La disolución del Congreso de la República por parte del presidente Martín Vizcarra es una decisión drástica, y, al mismo tiempo, una salida inevitable a la crisis política por la que atraviesa el país. El nivel de degradación moral expresado en los actos de la mayoría parlamentaria, aunado a su desdén por las maneras democráticas elementales, ha devenido una amenaza para la institucionalidad, el Estado de Derecho y el combate a la corrupción. La decisión del Presidente de la República es, así, la consecuencia, y no la causa, de una crisis generada por quienes controlan el Congreso.

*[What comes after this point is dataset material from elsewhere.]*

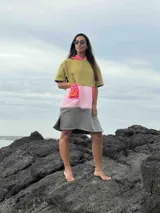 Poncho corto con capucha, color verde oliva con detalles en rosa y gris.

Desde el punto de vista jurídico, hay que señalar que la disolución del Congreso por el Presidente está autorizada por la Constitución Política bajo ciertas condiciones, a saber, la negación de la confianza del Congreso a dos gabinetes ministeriales. Para discernir adecuadamente esta cuestión hay que observar con atención la conducta del Congreso. Y lo que se aprecia es que, incluso cuando este ha aprobado una cuestión de confianza, como sucedió en junio de este año sobre la reforma política, enseguida ha desmentido con sus actos esa aprobación. En los hechos últimos –la cuestión de confianza sobre la elección de miembros del Tribunal Constitucional— la figura no ha sido distinta: el Congreso obstaculizó la presentación de la cuestión de confianza, procedió a elegir a un miembro de aquel Tribunal y sólo una vez consumado el acto admitió el debate de esa cuestión. Así, si el Congreso buscó presentarse como cumplidor de la formalidad y desactivar el fundamento legal para su cierre, en cada uno de sus actos ha traicionado el espíritu de la norma. Frente a esos hechos, resulta claro que la disolución del Congreso decidida por el Presidente se ajusta al sentido y el espíritu de la Constitución y está conforme con la racionalidad jurídica que subyace a la figura de disolución del Congreso ahí contemplada.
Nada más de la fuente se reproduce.